* [WORK ORDER]:
Reproduce precisely the lines of the material below from the line containing "So that's what" up to and including its last line. Pictures must not be copied.

* [RECORDS FOR THIS TASK]:
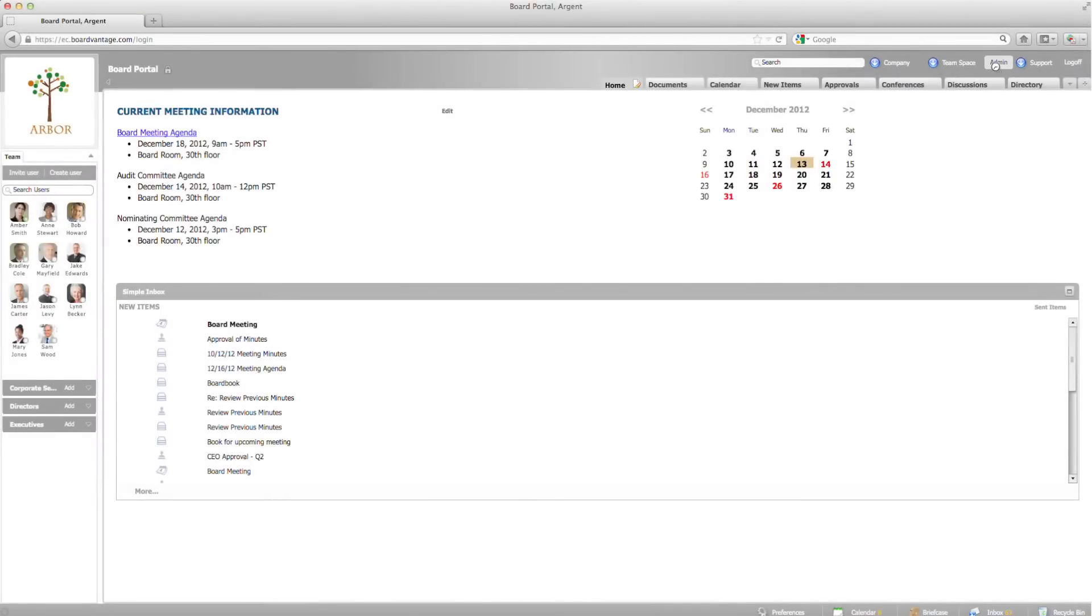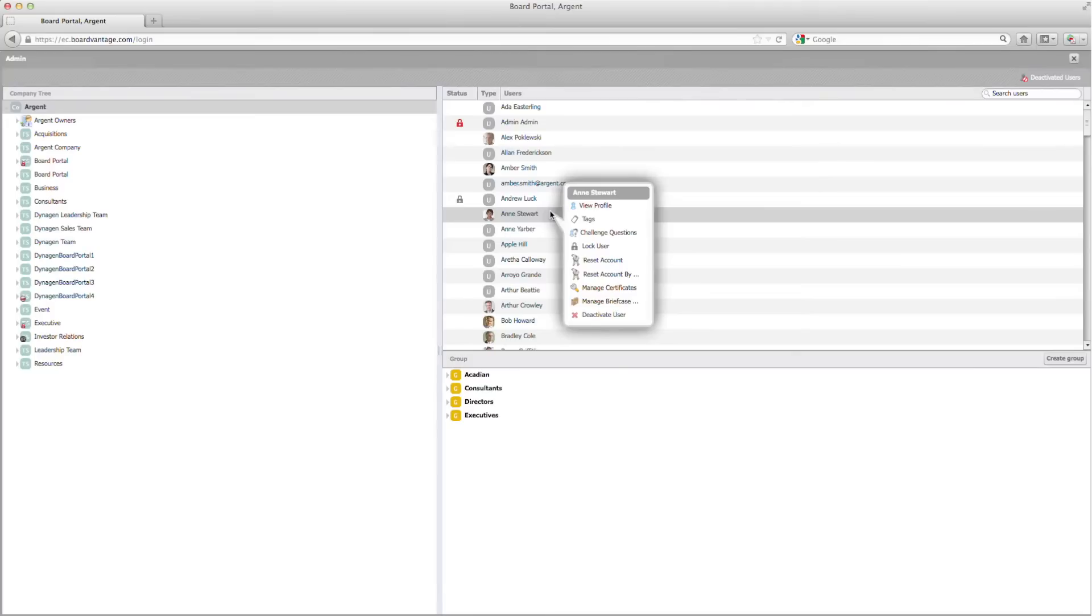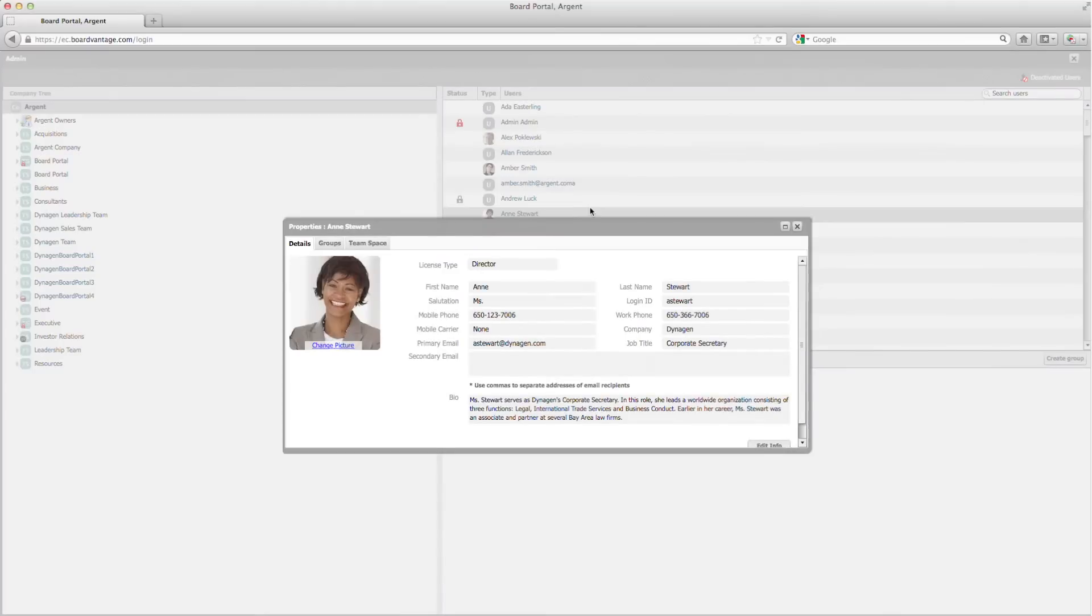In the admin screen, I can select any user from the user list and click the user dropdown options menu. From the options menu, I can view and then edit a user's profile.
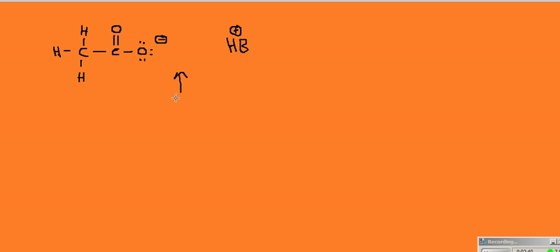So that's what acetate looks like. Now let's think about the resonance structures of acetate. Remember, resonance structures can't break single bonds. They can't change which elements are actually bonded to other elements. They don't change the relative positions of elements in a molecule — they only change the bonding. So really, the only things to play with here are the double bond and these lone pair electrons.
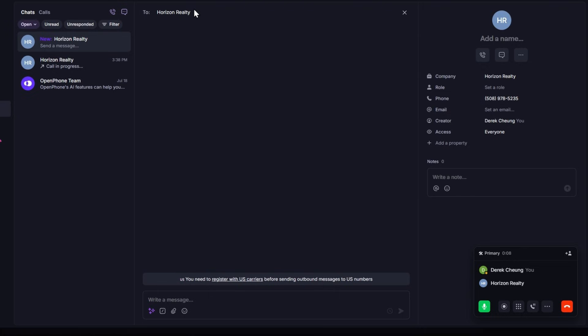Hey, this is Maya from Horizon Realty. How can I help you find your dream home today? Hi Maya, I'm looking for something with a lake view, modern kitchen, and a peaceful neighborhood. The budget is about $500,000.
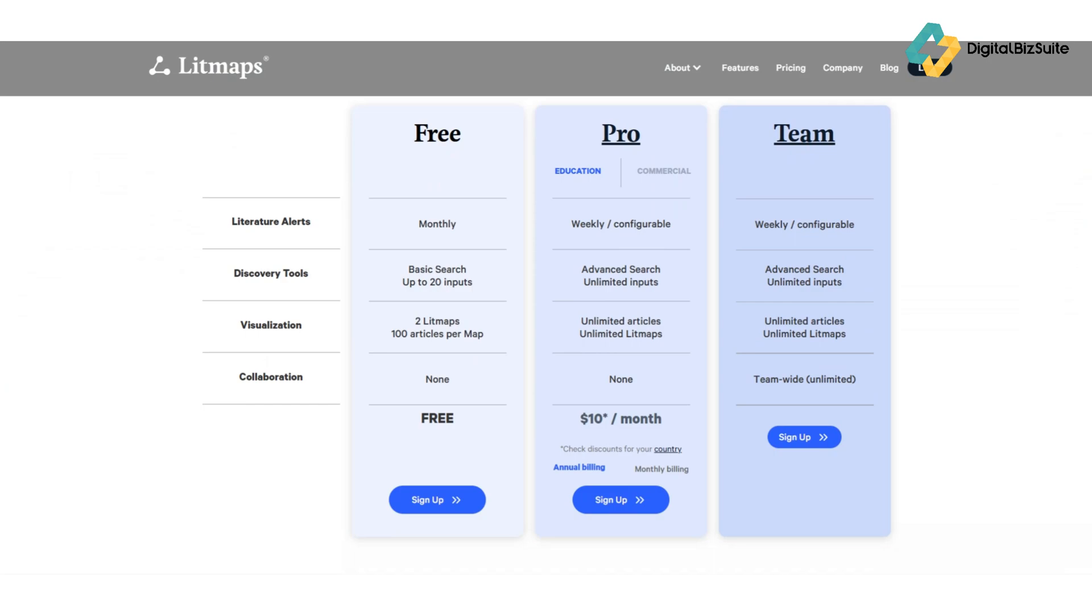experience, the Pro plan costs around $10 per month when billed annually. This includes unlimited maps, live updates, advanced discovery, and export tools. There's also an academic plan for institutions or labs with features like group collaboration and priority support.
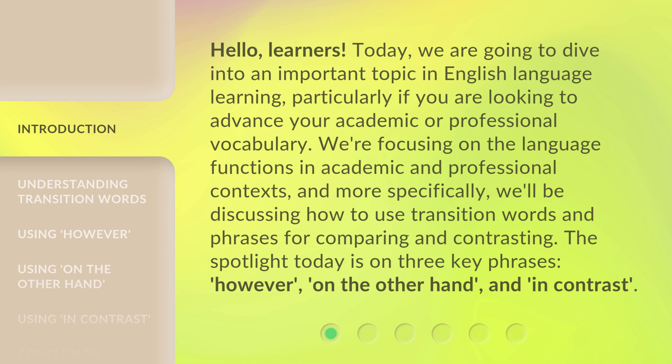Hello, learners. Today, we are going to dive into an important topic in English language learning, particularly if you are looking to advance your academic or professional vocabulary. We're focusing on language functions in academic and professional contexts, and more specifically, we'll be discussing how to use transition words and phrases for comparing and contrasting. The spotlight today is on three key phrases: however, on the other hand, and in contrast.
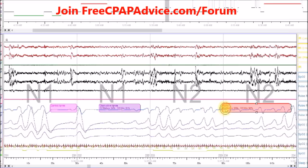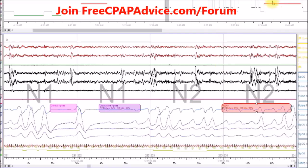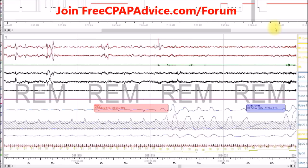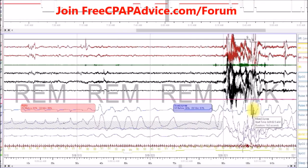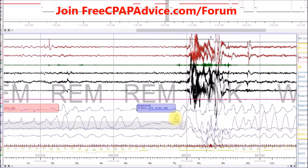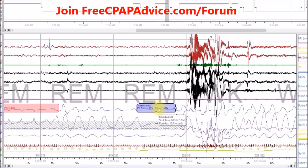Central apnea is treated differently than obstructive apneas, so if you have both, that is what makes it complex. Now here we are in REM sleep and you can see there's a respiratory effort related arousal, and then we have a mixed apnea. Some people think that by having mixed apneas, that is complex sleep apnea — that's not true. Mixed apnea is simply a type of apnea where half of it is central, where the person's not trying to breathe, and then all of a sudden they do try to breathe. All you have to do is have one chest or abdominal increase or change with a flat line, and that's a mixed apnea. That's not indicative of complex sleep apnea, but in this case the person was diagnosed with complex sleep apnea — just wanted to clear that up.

* [OUTPUT FOR THIS TASK]:
So that's what acetate looks like. Now let's think about the resonance structures of acetate. Remember, resonance structures can't break single bonds. They can't change which elements are actually bonded to other elements. They don't change the relative positions of elements in a molecule — they only change the bonding. So really, the only things to play with here are the double bond and these lone pair electrons.
Hey, this is Maya from Horizon Realty. How can I help you find your dream home today? Hi Maya, I'm looking for something with a lake view, modern kitchen, and a peaceful neighborhood. The budget is about $500,000.
experience, the Pro plan costs around $10 per month when billed annually. This includes unlimited maps, live updates, advanced discovery, and export tools. There's also an academic plan for institutions or labs with features like group collaboration and priority support.
Hello, learners. Today, we are going to dive into an important topic in English language learning, particularly if you are looking to advance your academic or professional vocabulary. We're focusing on language functions in academic and professional contexts, and more specifically, we'll be discussing how to use transition words and phrases for comparing and contrasting. The spotlight today is on three key phrases: however, on the other hand, and in contrast.
Central apnea is treated differently than obstructive apneas, so if you have both, that is what makes it complex. Now here we are in REM sleep and you can see there's a respiratory effort related arousal, and then we have a mixed apnea. Some people think that by having mixed apneas, that is complex sleep apnea — that's not true. Mixed apnea is simply a type of apnea where half of it is central, where the person's not trying to breathe, and then all of a sudden they do try to breathe. All you have to do is have one chest or abdominal increase or change with a flat line, and that's a mixed apnea. That's not indicative of complex sleep apnea, but in this case the person was diagnosed with complex sleep apnea — just wanted to clear that up.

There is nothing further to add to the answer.